» **DATA EXCERPTS**:
· · ·

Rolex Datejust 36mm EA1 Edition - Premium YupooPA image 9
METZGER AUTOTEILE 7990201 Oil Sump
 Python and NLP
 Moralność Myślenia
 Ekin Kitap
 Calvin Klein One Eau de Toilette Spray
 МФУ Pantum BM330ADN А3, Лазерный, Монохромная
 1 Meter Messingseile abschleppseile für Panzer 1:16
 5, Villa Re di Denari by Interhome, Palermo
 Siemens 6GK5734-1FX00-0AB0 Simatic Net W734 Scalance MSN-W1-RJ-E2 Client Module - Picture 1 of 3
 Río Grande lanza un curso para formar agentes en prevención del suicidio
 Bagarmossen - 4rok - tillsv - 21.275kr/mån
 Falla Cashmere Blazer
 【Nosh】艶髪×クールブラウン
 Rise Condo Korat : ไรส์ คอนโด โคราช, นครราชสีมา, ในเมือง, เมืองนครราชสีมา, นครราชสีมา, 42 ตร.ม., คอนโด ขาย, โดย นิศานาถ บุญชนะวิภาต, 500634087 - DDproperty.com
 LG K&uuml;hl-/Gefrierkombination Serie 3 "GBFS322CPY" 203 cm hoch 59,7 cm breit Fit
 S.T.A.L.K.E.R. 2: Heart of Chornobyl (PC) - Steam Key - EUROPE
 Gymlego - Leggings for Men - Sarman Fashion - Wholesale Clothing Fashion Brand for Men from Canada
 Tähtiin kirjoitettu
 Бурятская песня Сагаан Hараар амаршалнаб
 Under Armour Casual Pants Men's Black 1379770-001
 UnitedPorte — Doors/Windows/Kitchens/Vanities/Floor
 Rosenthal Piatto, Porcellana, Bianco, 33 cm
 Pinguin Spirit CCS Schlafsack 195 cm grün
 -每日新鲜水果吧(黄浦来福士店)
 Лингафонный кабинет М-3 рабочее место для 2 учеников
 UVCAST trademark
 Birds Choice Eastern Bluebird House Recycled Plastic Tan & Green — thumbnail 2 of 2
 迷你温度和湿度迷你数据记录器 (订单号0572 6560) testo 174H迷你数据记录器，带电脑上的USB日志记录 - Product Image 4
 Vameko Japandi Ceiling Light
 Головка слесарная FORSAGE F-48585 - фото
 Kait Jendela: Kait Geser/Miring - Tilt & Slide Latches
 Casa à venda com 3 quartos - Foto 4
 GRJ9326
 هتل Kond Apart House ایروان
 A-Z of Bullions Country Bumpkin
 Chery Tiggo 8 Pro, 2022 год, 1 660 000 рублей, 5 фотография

· · ·

» **WHAT TO DO**: Among the records above, only the lines between the line holding "METZGER AUTOTEILE 7990201 Oil Sump" and the line holding "UVCAST trademark", inclusive, are to be output, exactly as written.

» **EXERCISE SOLUTION**:
METZGER AUTOTEILE 7990201 Oil Sump
 Python and NLP
 Moralność Myślenia
 Ekin Kitap
 Calvin Klein One Eau de Toilette Spray
 МФУ Pantum BM330ADN А3, Лазерный, Монохромная
 1 Meter Messingseile abschleppseile für Panzer 1:16
 5, Villa Re di Denari by Interhome, Palermo
 Siemens 6GK5734-1FX00-0AB0 Simatic Net W734 Scalance MSN-W1-RJ-E2 Client Module - Picture 1 of 3
 Río Grande lanza un curso para formar agentes en prevención del suicidio
 Bagarmossen - 4rok - tillsv - 21.275kr/mån
 Falla Cashmere Blazer
 【Nosh】艶髪×クールブラウン
 Rise Condo Korat : ไรส์ คอนโด โคราช, นครราชสีมา, ในเมือง, เมืองนครราชสีมา, นครราชสีมา, 42 ตร.ม., คอนโด ขาย, โดย นิศานาถ บุญชนะวิภาต, 500634087 - DDproperty.com
 LG K&uuml;hl-/Gefrierkombination Serie 3 "GBFS322CPY" 203 cm hoch 59,7 cm breit Fit
 S.T.A.L.K.E.R. 2: Heart of Chornobyl (PC) - Steam Key - EUROPE
 Gymlego - Leggings for Men - Sarman Fashion - Wholesale Clothing Fashion Brand for Men from Canada
 Tähtiin kirjoitettu
 Бурятская песня Сагаан Hараар амаршалнаб
 Under Armour Casual Pants Men's Black 1379770-001
 UnitedPorte — Doors/Windows/Kitchens/Vanities/Floor
 Rosenthal Piatto, Porcellana, Bianco, 33 cm
 Pinguin Spirit CCS Schlafsack 195 cm grün
 -每日新鲜水果吧(黄浦来福士店)
 Лингафонный кабинет М-3 рабочее место для 2 учеников
 UVCAST trademark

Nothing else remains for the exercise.